Digital assets describe any assets that are issued and transferred on a blockchain. We can divide digital assets into three main categories:



Cryptocurrencies refer to digital assets that are native to a blockchain network. Most cryptocurrencies are decentralised, meaning that no singular authority like a government or financial institution controls them. The two largest cryptocurrencies are bitcoin and Ether.


Tokenized Money

Tokenized money describes blockchain-based representations of fiat currency and include Central Bank Digital Currencies (CBDCs), tokenized deposits, and stablecoins. Currently the largest category of tokenized money are USD-backed stablecoins.


Tokenized Assets

Tokenized assets digitally represent traditional assets and include financial assets (e.g., equities and bonds), real assets (e.g., real estate and art) and intangible assets (e.g., patents). While the current adoption of tokenized assets is limited, their potential is high.

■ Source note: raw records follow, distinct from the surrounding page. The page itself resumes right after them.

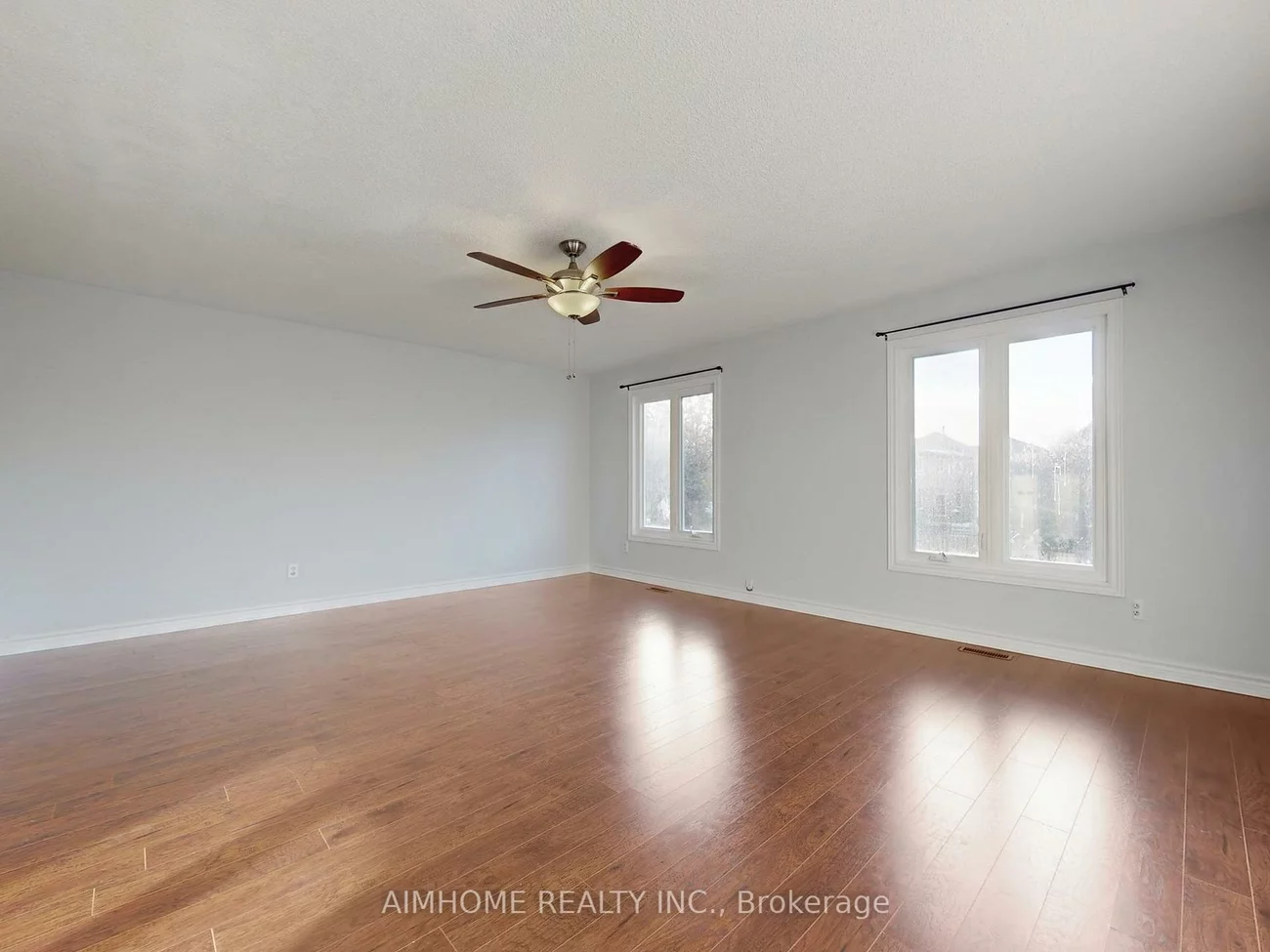 207, Kensit, Armitage, Newmarket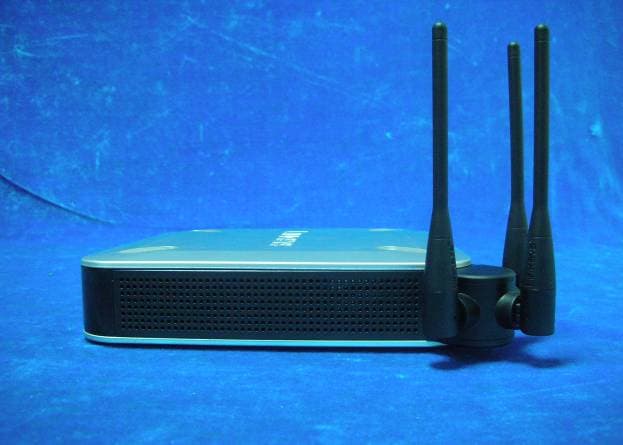 Wireless-N Gigabit Security Router with VPN - FCC ID Q87-WRVS4400N - LINKSYS LLC (4)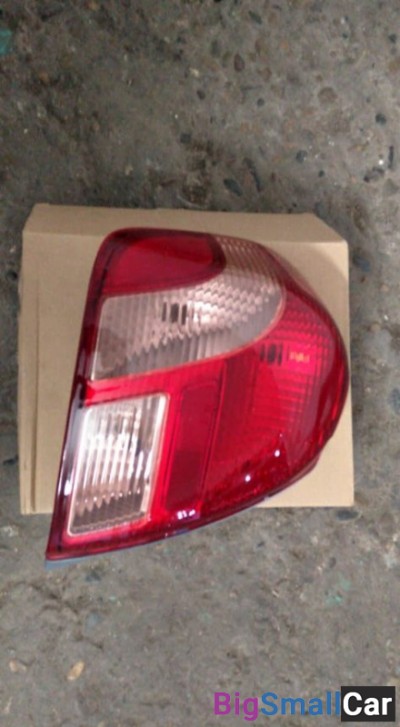 Фонарь задний левый Toyota platz - купить Санкт-Петербурге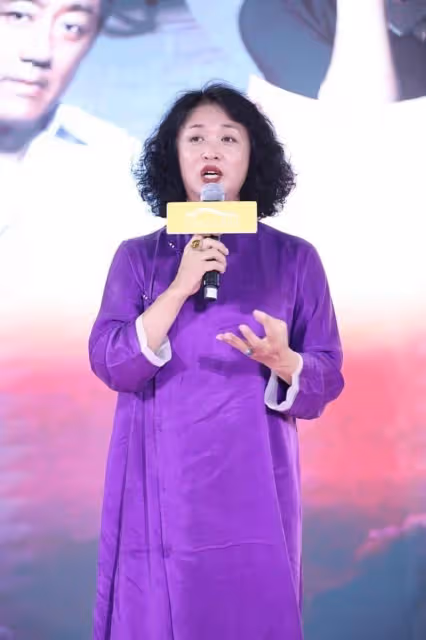 金星真是旗袍「重度愛好者」,穿紫色旗袍挺休閒,但看不出時尚來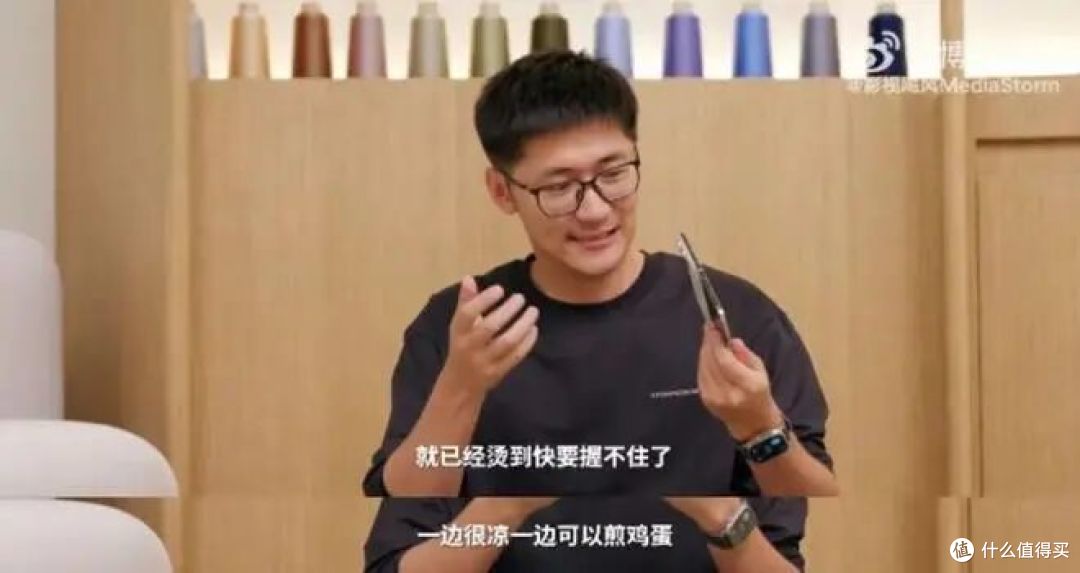 苹果折叠屏翻车实录:录4K视频3分钟就烫手,反掰一下竟闪屏?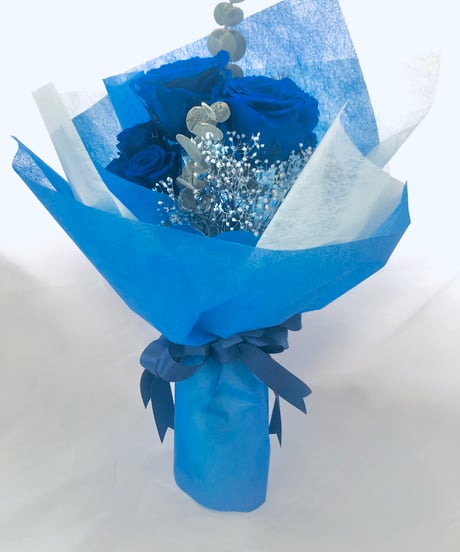 プリザーブドフラワー大輪の青い薔薇とミニ薔薇とかすみ草のふんわり花束8本タイプ（花束ラッピング）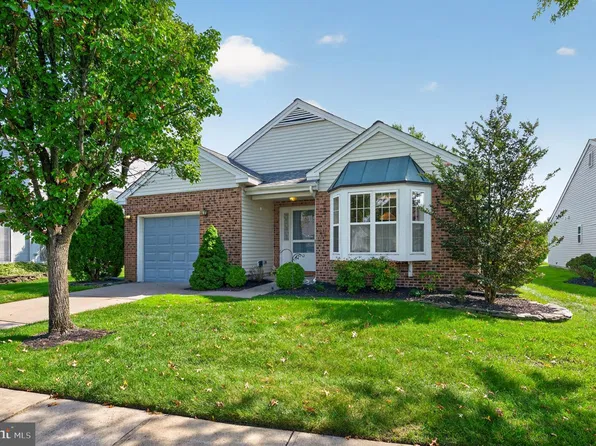 157 Indigo Dr, Mount Laurel, NJ 08054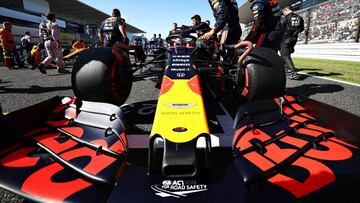 SUZUKA, JAPAN - OCTOBER 13: Max Verstappen of Netherlands and Red Bull Racing prepares to drive on the grid before the F1 Grand Prix of Japan at Suzuka Circuit on October 13, 2019 in Suzuka, Japan. (Photo by Mark Thompson/Getty Images)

What are blockchains and how do they work?

Blockchain technology is a revolutionary way of keeping track of digital information. In essence a blockchain is a decentralised and tamper-resistant digital ledger maintained by a network of computers. A blockchain consists of a continuously growing list of blocks, that are cryptographically “chained” together. Each block contains information about the previous block, reinforcing the order of entries as the network progresses.
Blockchain technology enables individuals or nodes to work collectively without reliance on a centralized intermediary. Thus, they can be used for many use cases across industries that require a golden data-source, i.e., a trusted and reliable data repository, across different stakeholders.

What is a decentralised network?

Decentralised networks are distributed among multiple computers, creating an interconnected system where no single entity holds complete authority. Thus, the entities control each other and there is no need to trust a central authority.


Source: DWS International GmbH, 2024

How does a blockchain transaction work?

Let’s take a look at the workflow for a typical bitcoin transaction: Pablo wants to send Barbara one bitcoin.

  1. Pablo initiates the transaction using his bitcoin wallet (comparable to a bank account number) and specifies Barbara’s wallet address. Pablo authorizes the transaction digitally with his private key, which is comparable to his online banking pin. This digital signature validates the authenticity of the transaction.
  2. Pablo’s requested transaction is broadcasted to the entire Bitcoin network, consisting of computers (“nodes”) that validate transactions.
  3. These nodes confirm that Pablo has sufficient funds and the digital signature is correct before validating his transaction. 
  4. A special group of Bitcoin network participants called “miners” finally validates the transaction and combines it with other transactions into a new block (see the Bitcoin microsite for more information on Bitcoin mining)
  5. The blocks are chained together creating a permanent history of all transactions.
  6. Once the block is added to the blockchain and a certain number of blocks are created after it, the transaction is finalized. Barbara’s wallet will reflect the received bitcoin from Pablo.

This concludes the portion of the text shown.